1984 reste encore aujourd’hui une référence incontournable parmi les modèles littéraires de dénonciation du totalitarisme. Présentant la fiction d’un État omniprésent et omnipotent, il met au jour les risques d’une puissance totale qui serait accordée ou que s’arrogerait le pouvoir politique. Pourtant cet État se veut bienveillant, et beaucoup d’aspects des politiques publiques des démocraties contemporaines, telles la télésurveillance ou la volonté protéger les citoyens contre les futurs actes de ceux qui ne répondent pas à des normes psychiques (les « fous »), sont souvent rapprochés des mesures de « Big brother ». Est-ce à dire que la tendance naturelle de l’État, même démocratique, serait d’accroître sans cesse sa puissance et de ne pas pouvoir par nature la limiter ?

Se pose ici la question de savoir si l’État doit reconnaître des limites à sa puissance.

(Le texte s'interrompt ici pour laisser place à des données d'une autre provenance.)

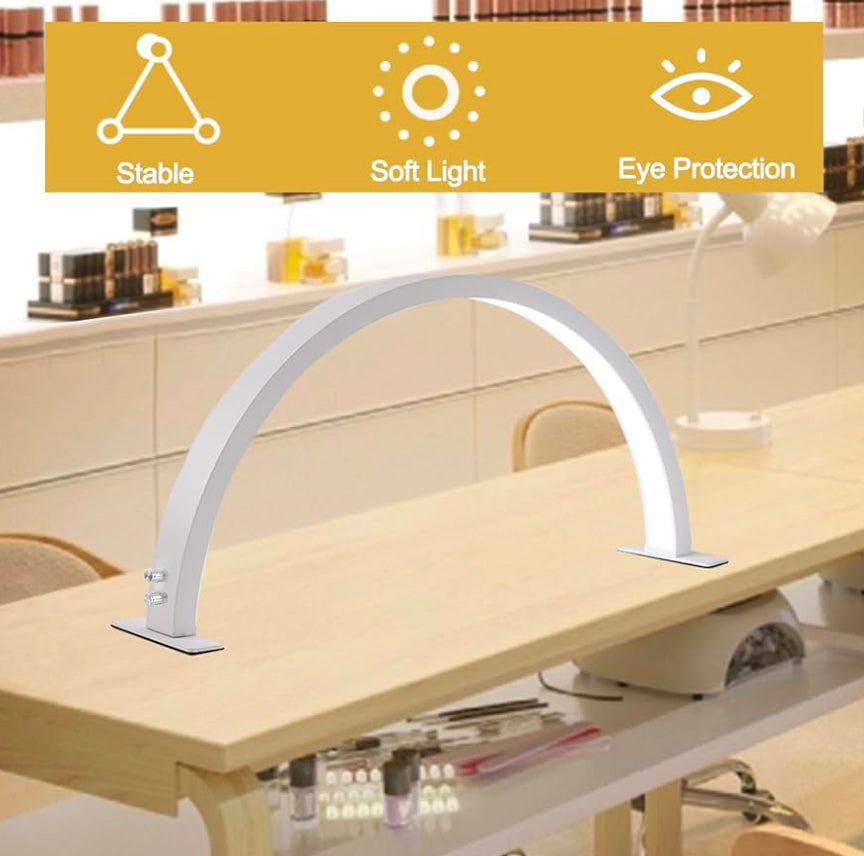 Professional Half-Moon LED Lamp 50W – Adjustable Light for Nails, Lashes & Beauty Work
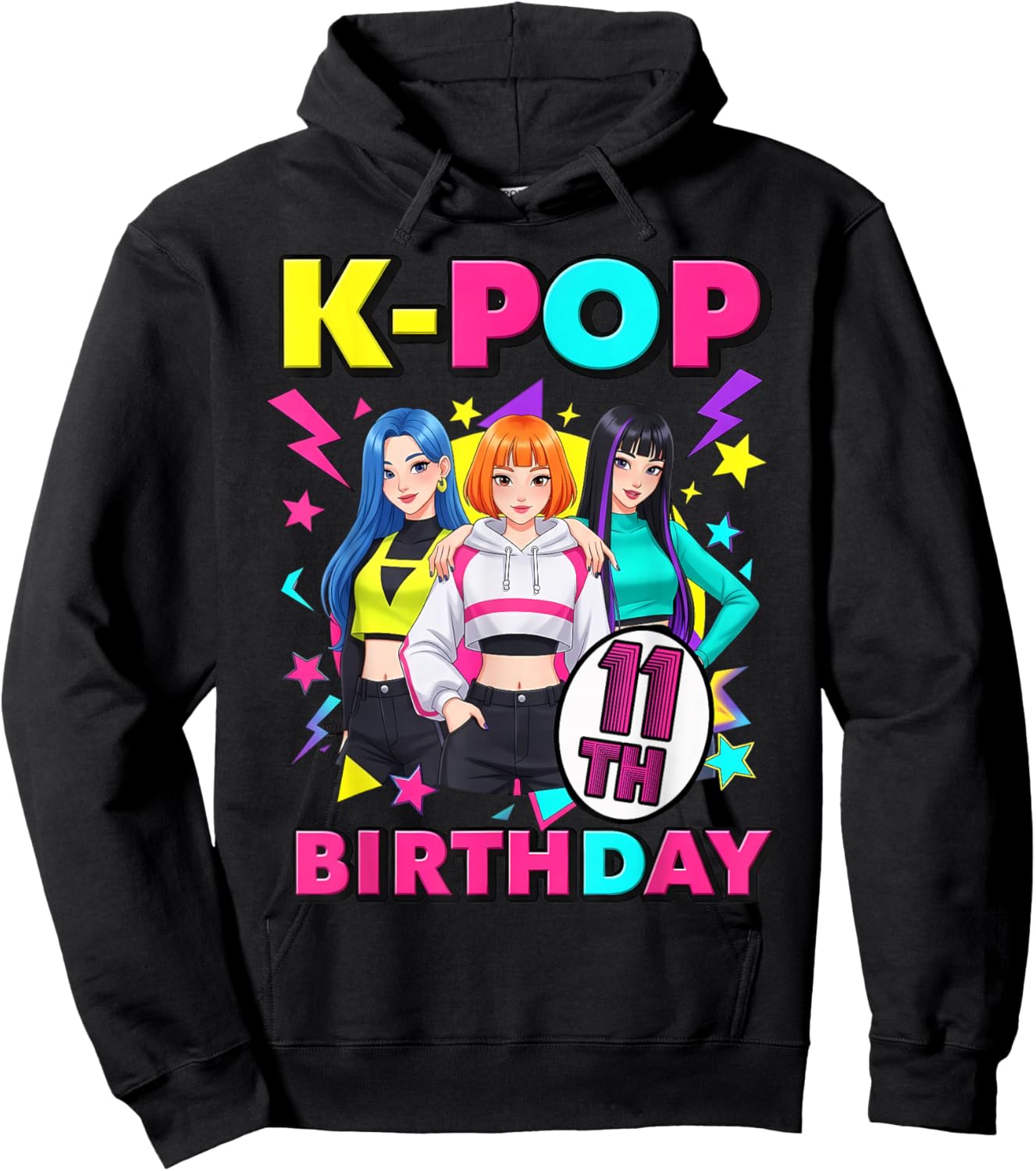 11 Years Old Birthday K Pop Kids 11th Birthday Girls K-pop Hoodie - Hoodie | Black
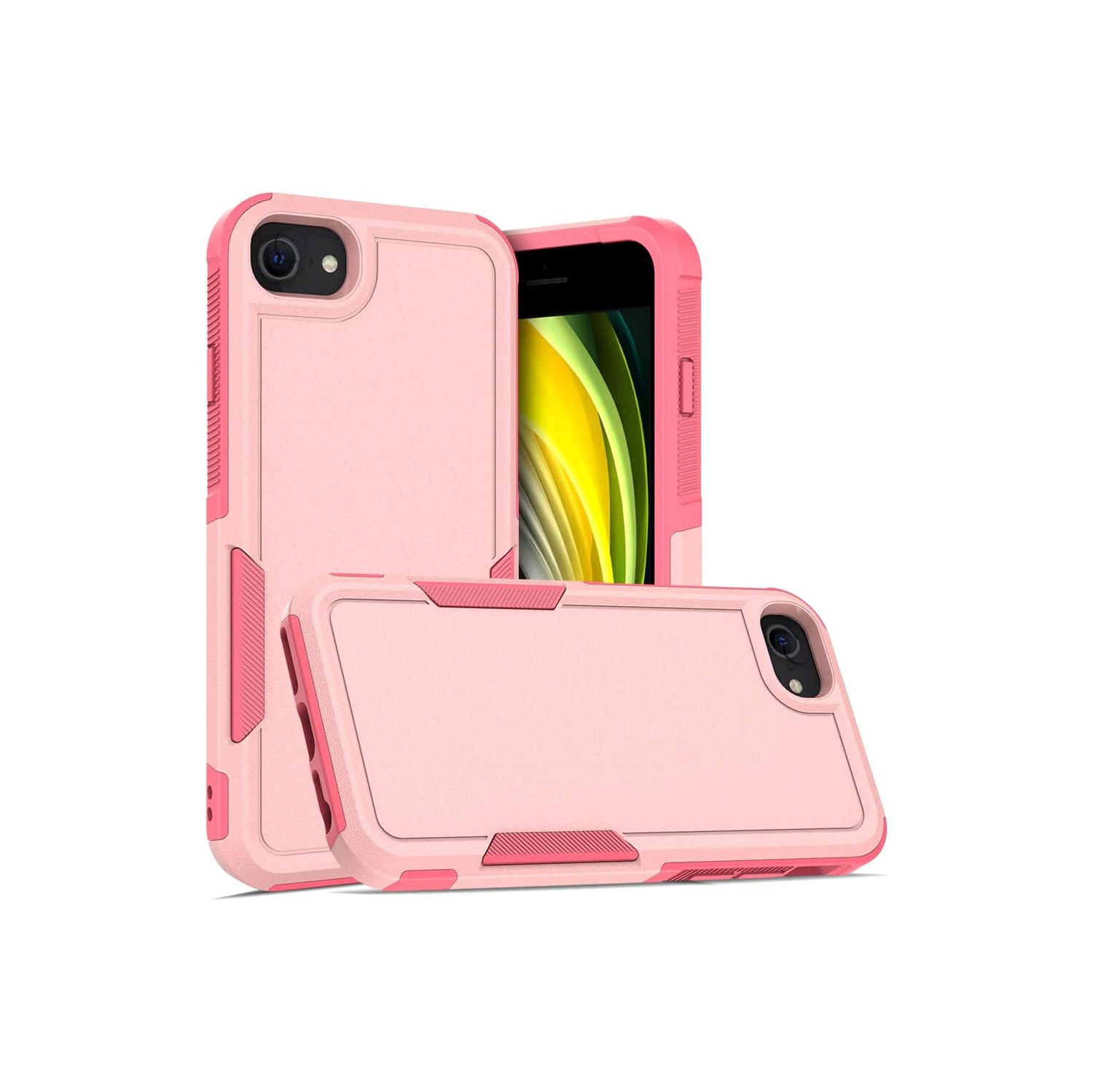 [CS] Étui rigide double couche robuste en caoutchouc avec pare-chocs pour iPhone 16e, rose pâle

Cette question se comprend à partir d’une simple définition des termes du sujet. L’État est en effet littéralement ce qui est stable, ce qui donne sa stabilité à la société, c’est-à-dire qu’il a pour but de réguler le jeu des libertés individuelles de telle sorte qu’il rende possible la coexistence des hommes sur un même territoire. Comme structure, l’État semble donc rendre possible la coexistence des hommes, et donc ne pas avoir pour essence de se limiter, puisque cette structure rend possible, dans ses moindres détails, la coexistence. À l’inverse, l’État est un moyen, c’est-à-dire qu’il n’existe qu’en fonction de ce que sont les libertés individuelles, et les possibilités de coexistence sociale. Il paraît alors possible de voir l’État comme une structure qui se limite, ou qui doit se limiter, pour ne réguler que ce qui est problématique dans la coexistence des individus. D’un aspect à l’autre de ces évidences se pose alors le problème de savoir si la coexistence des libertés individuelles peut exister hors de l’État, ou si cette coexistence est fondamentalement impossible sans que préexiste une structure.

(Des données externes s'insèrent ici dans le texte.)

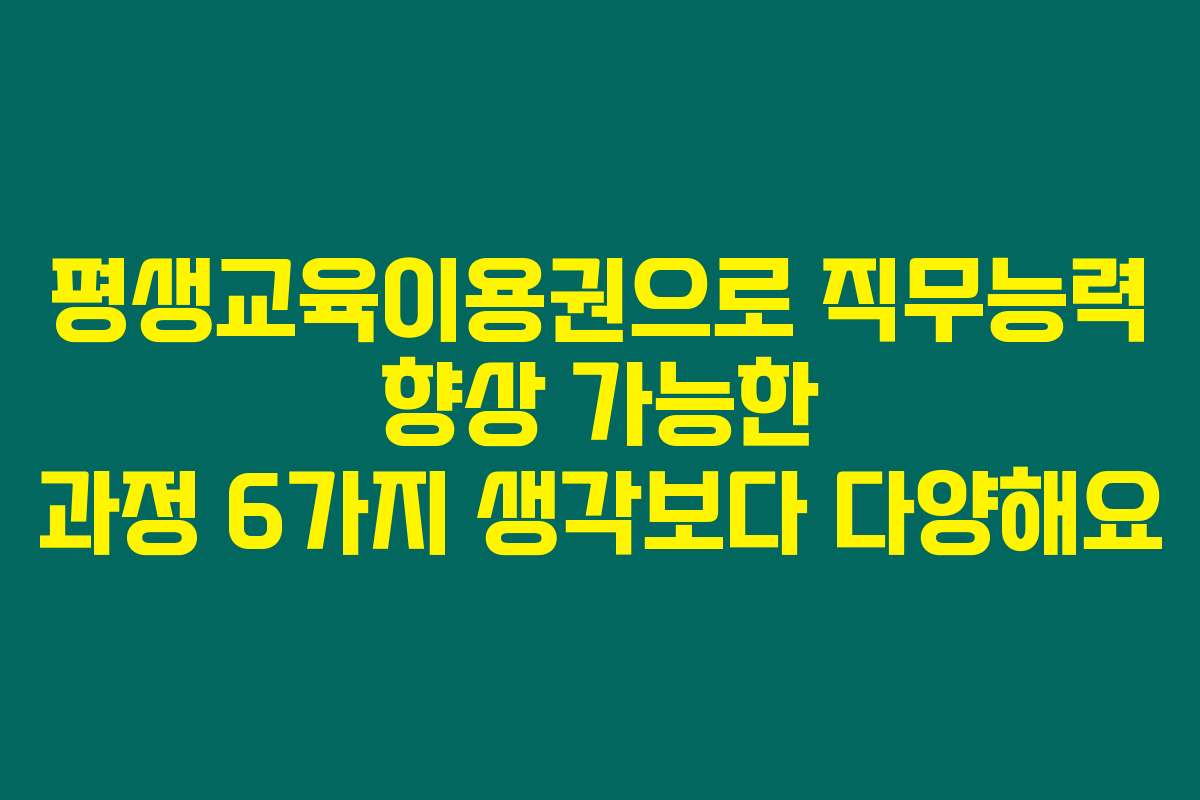 평생교육이용권으로 직무능력 향상 가능한 과정 6가지 생각보다 다양해요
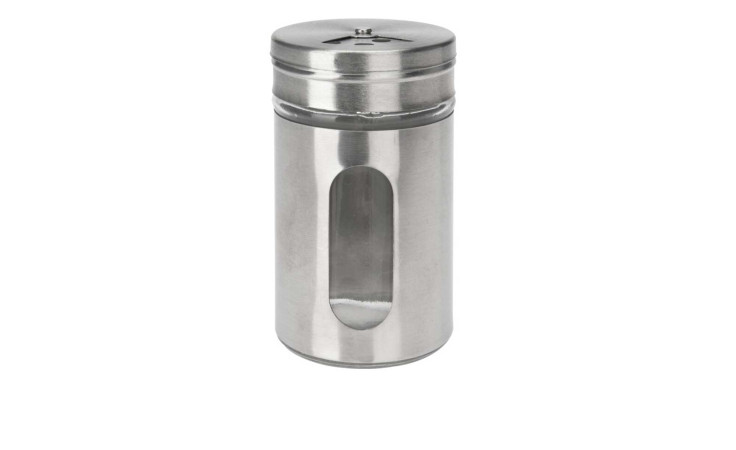 Der Kräuterstreuer 4,8 x 8cm ist ein stilvoller silberner Streuer mit Glasfenster und gelochtem Deckel für Gewürze oder Käse.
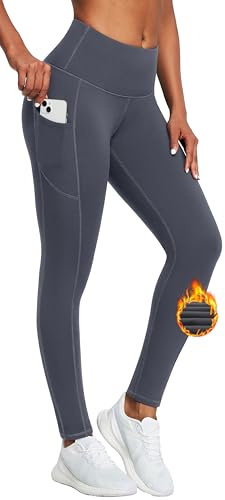 IUGA Fleece Lined Leggings for Women High Waisted Thermal Leggings with Pockets Yoga Pants for Workout Grey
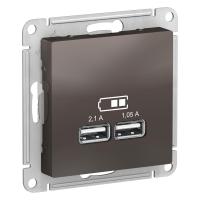 Systeme Electric ATN000633 AtlasDesign USB Розетка A+A, 5В/2,1 А, 2х5В/1,05 А, механизм, мокко
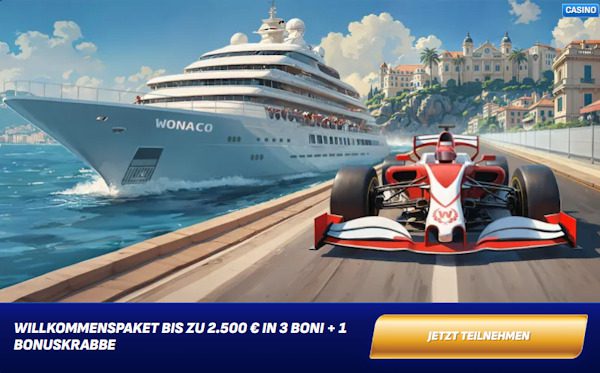 Wonaco 2500€ + 200 Freispiele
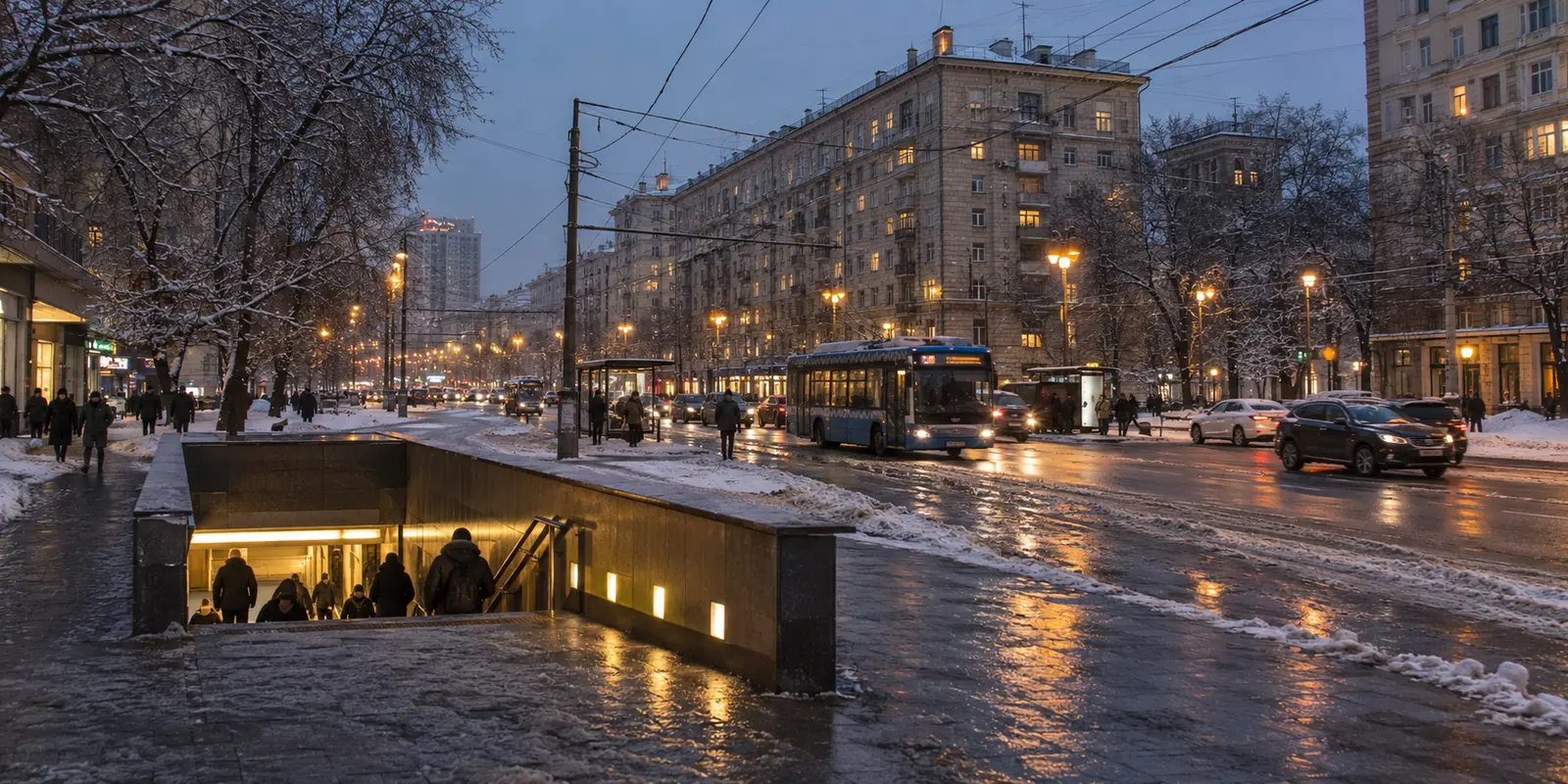 A snowy Moscow residential boulevard and metro entrance at blue hour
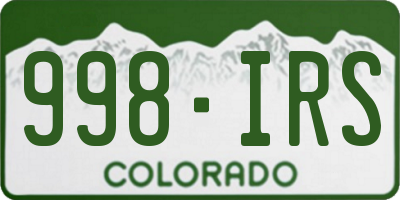 CO license plate 998IRS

Nous chercherons tout d’abord à montrer que l’État n’a pas vocation à limiter sa puissance, puisqu’il relève d’une nécessité naturelle, au sens où les individus ne possèdent pas d’abord une liberté homogène aux exigences réciproques de libertés des autres individus qui coexistent avec eux sur un même territoire (I). Cette perception de l’État nous apparaîtra néanmoins comme éminemment problématique, dans la mesure où l’État s’arroge ainsi un pouvoir nuisant rapidement à l’existence de libertés qui ne sont pas en elles-mêmes négatrices d’autres libertés (II). Cette remarque nous conduira alors à montrer que l’État ne doit limiter sa puissance qu’à la condition qu’il repose sur une souveraineté populaire, seule garante du fait que le pouvoir de l’État est exactement celui des individus associés (III).